Re: [v8-dev] performance considerations for well-typed Wasm binaries

Wolfgang Fri, 05 Apr 2024 13:27:42 -0700

Hi Andreas,

yes, the binaries are small. (Independent note: they are strange in some
way it seems: wasmtime takes 2 seconds to compile/instantiate color, and is
in general much slower for all our other benchmarks as well. Investigating
this as well currently.)


Thanks for the explanation, interesting!
No, we don't use ARM, we measured the improvement on two standard x64 linux
laptops.

Some more background, not sure if relevant:
Our memory model is quite simplistic: memory is never freed, we have a
global that points to the next free segment in the linear mem, the pointer
is increased after every allocation and never decreased.

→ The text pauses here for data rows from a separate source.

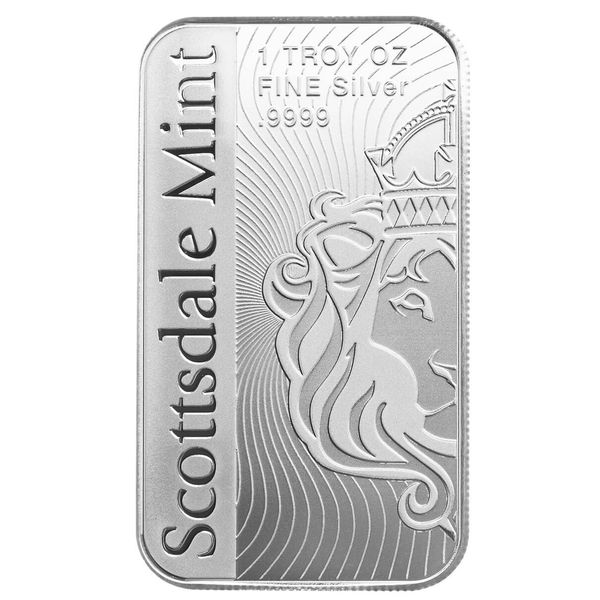 2023 Scottsdale Mint Lion 1 Troy oz 9999 Fine Silver The Vortex Silver Bar 02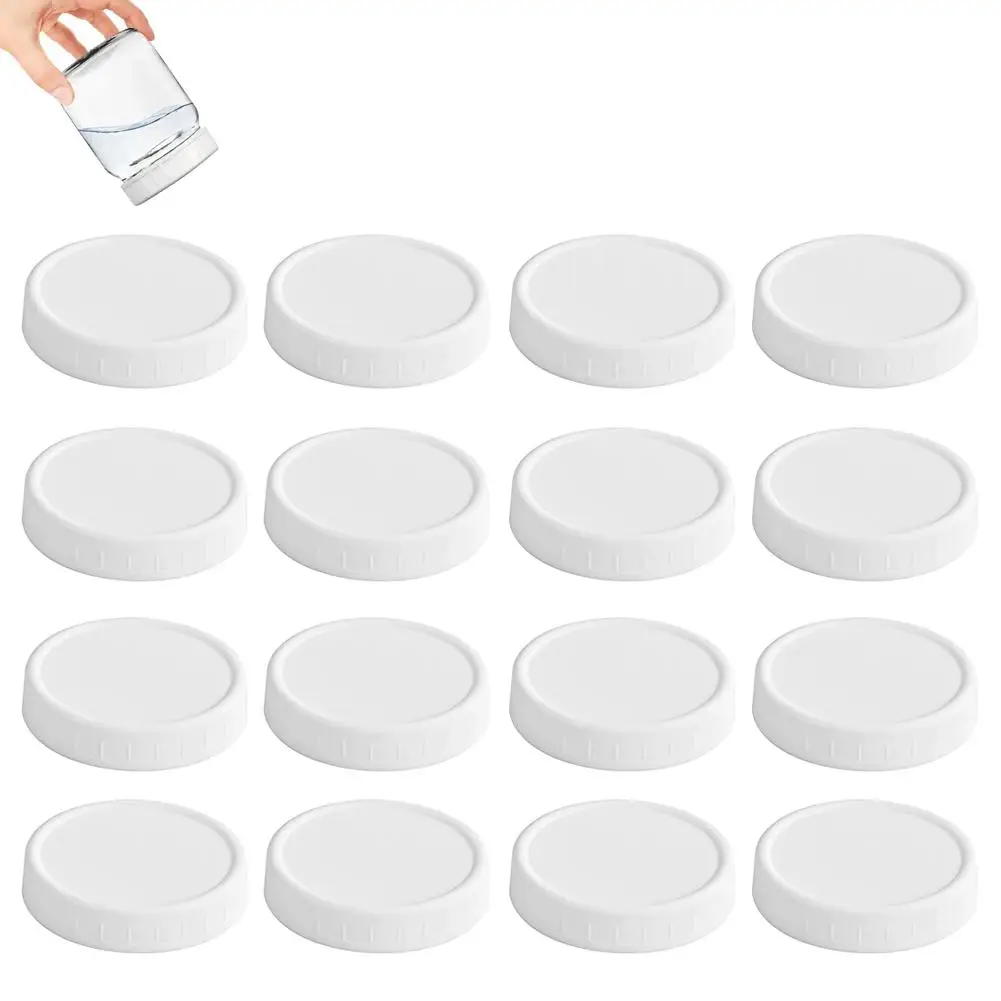 1/16PCS Reusable Mason Jar Lids 86mm Wide Mouth Plastic Canning Lids Leak-proof Seal Bottle Cover Kitchen Tools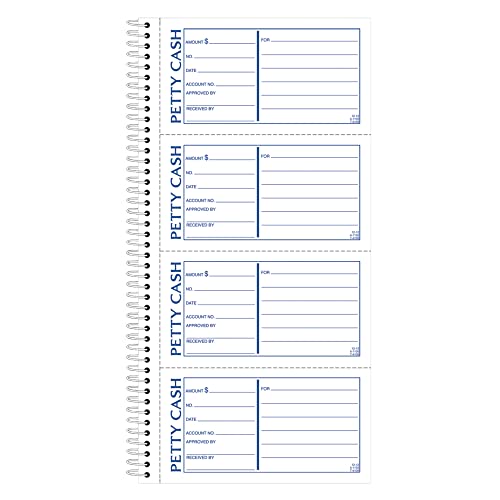 Adams 2-Part Petty Cash Receipt Book, Spiral-Bound, 4 Receipts/Page, 200 Sets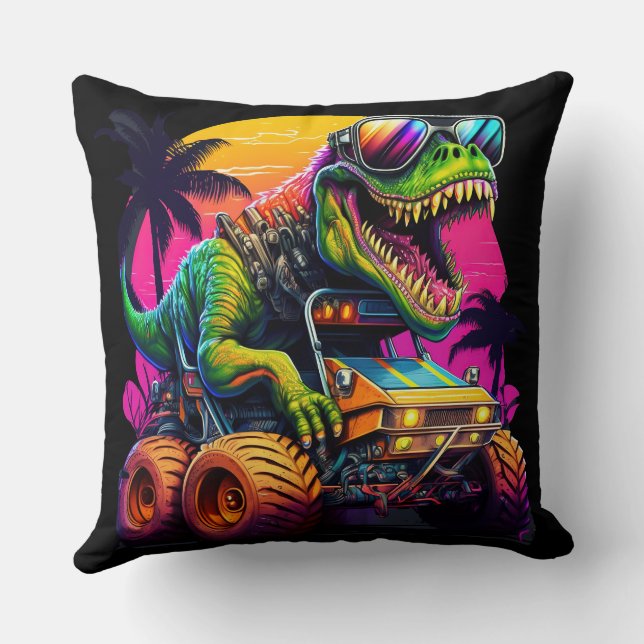 Dino Monster Truck  Cushion (Back)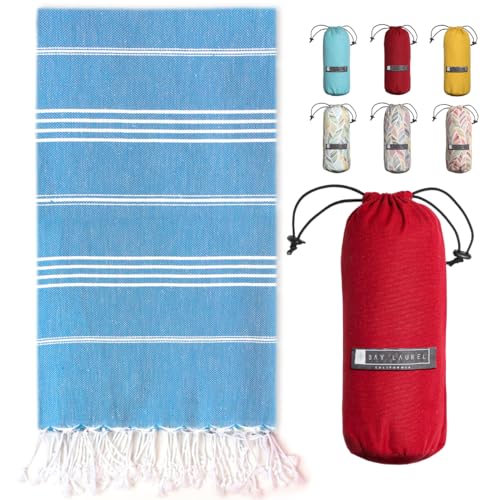 BAY LAUREL Turkish Beach Towel with Travel Bag 39 x 71 Quick Dry Sand Free Lightweight Large Oversized Towels Light (Blue with Red Bag) - color: Blue With Red Bag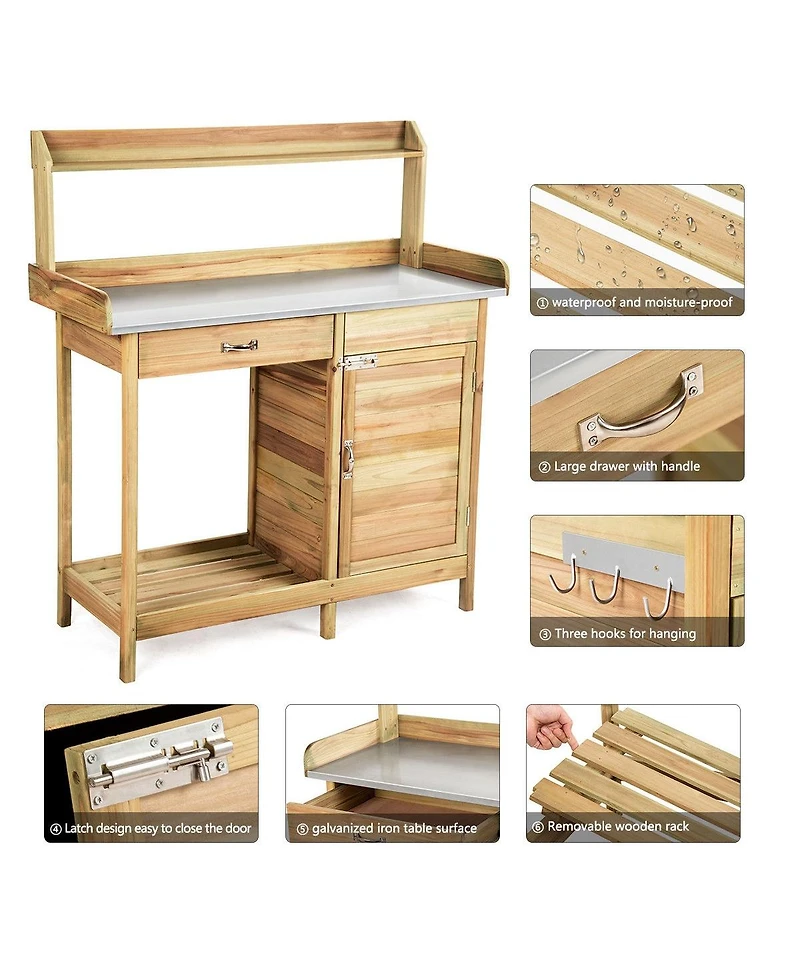 Slickblue Outdoor Garden Wooden Work Station Potting Bench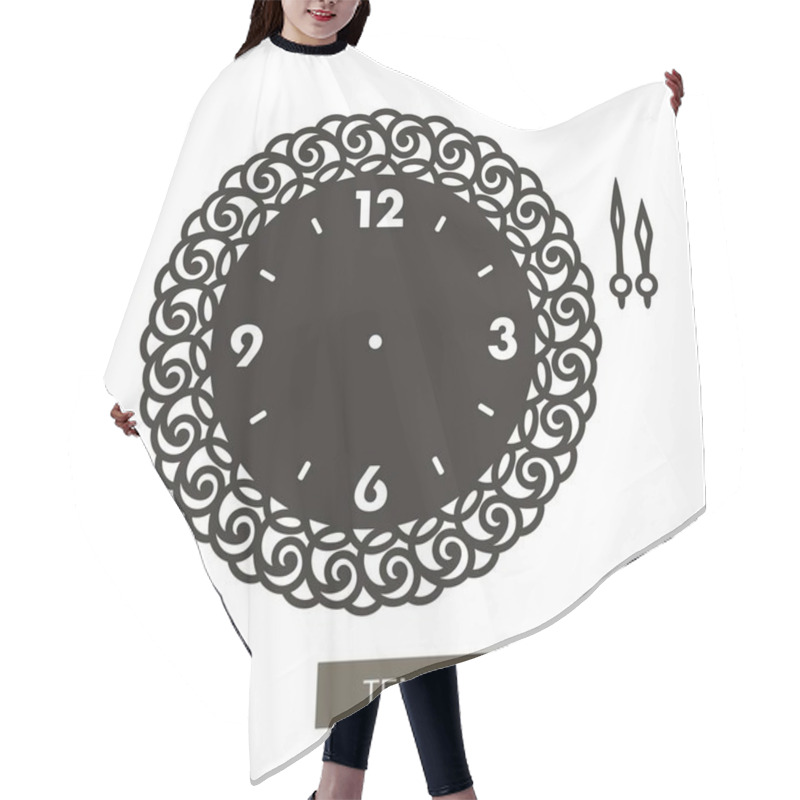 Personality  Openwork Dial With Arrows And Arabic Numerals. Silhouette Of Clock On White Background. Decor For Home. Template For Laser Cutting, Wood Carving, Paper Cut And Printing. Vector Illustration. Hair Cutting Cape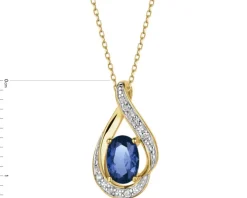 Zawieszka z żółtego złota z brylantami i szafirem syntetycznym - próba 375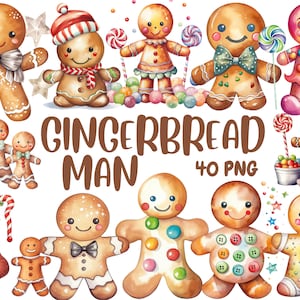 Aquarell Lebkuchen Mann Clipart | Weihnachtsplätzchen, Winter, Weihnachten Food Illustrationen | Sofort Download für kommerzielle Nutzung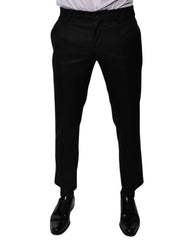 Dolce & Gabbana Black Wool Tapered Formal Dress Pants - IT46 | S - Trousers
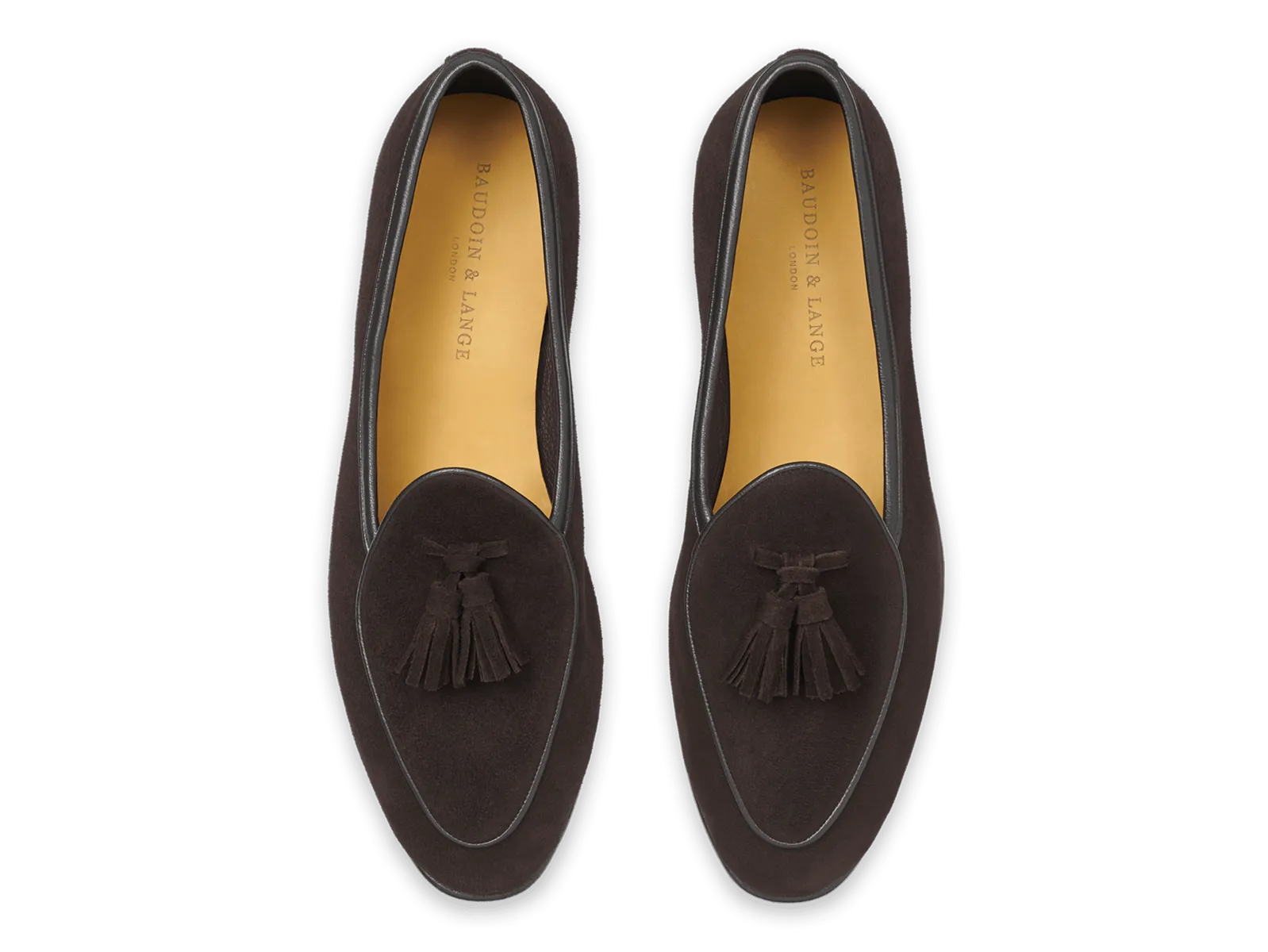 Sagan Classic Tassel Loafers in Lusitanias Dark Brown Asteria Suede with Leather Sole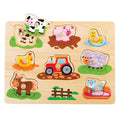 Wooden Farm Animals Peg Puzzle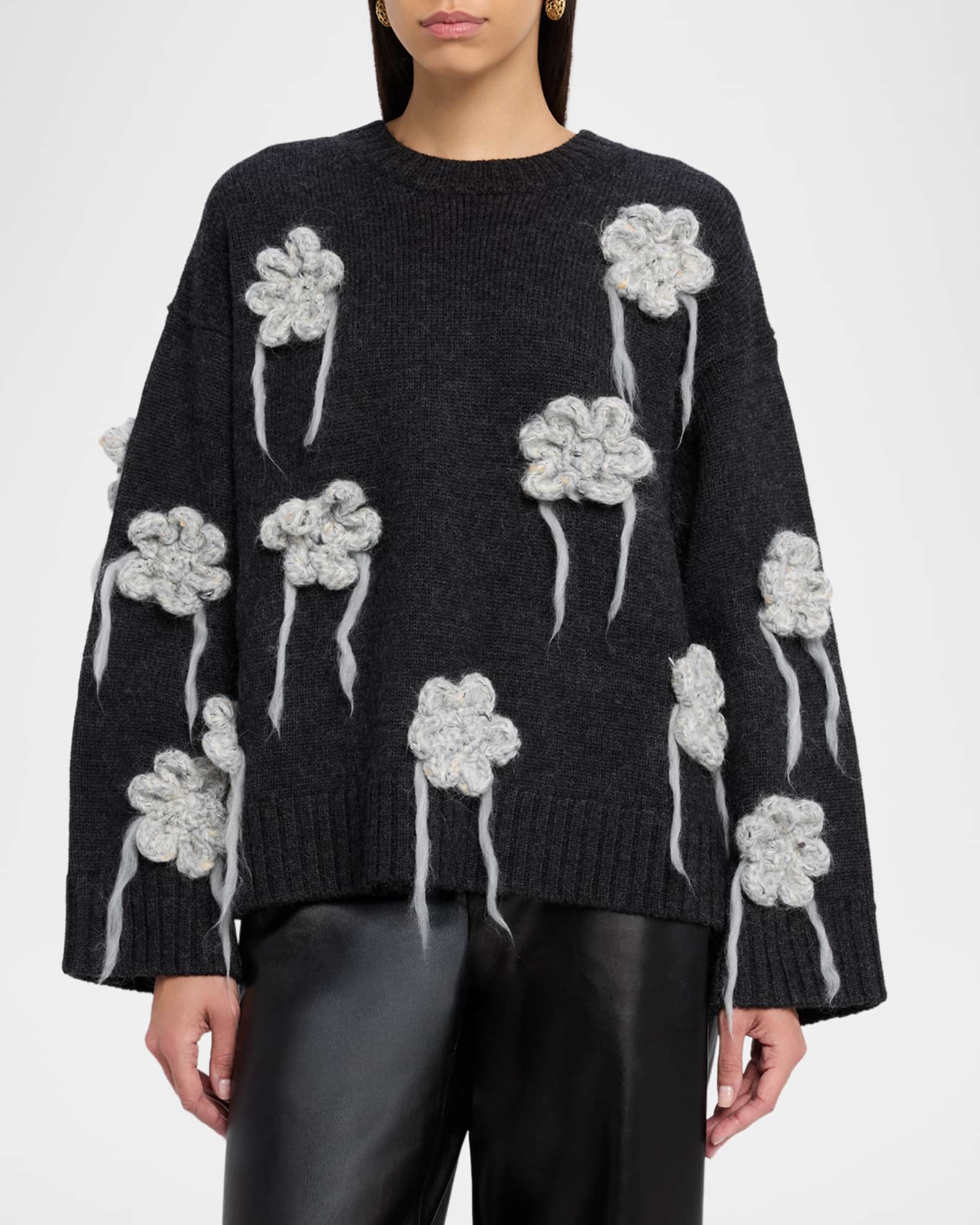 Ganni Floral Crochet Crewneck Sweater | Neiman Marcus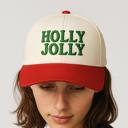  CHRISTmas Holly Jolly Embroidered Adjustable Hat - Red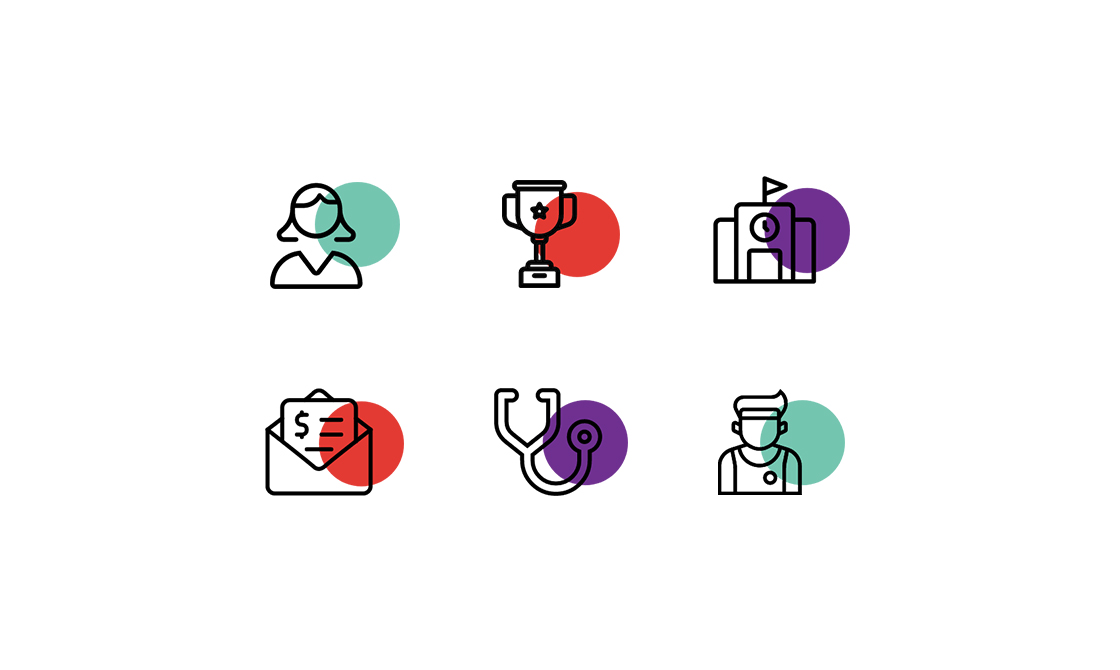 Customized linear icons with colorful circles.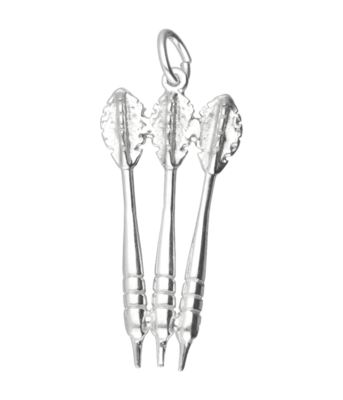 Zilveren Dartpijlenset ketting hanger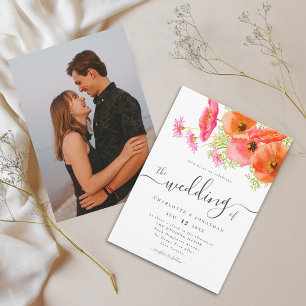 Elegant Floral Vibrant Pink Orange Photo Wedding Invitation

We grow the linear
memory regularly if needed.
In this model, color uses just 16MB of linear mem, sha_fast 25MB.

In the end I'm happy it's a bit faster :) Sure, it would be cool to know
why...
Best,
Wolfgang

The setup of the following two is exactly the same, except in the second
one we call node with "--no-wasm-bounds-checks".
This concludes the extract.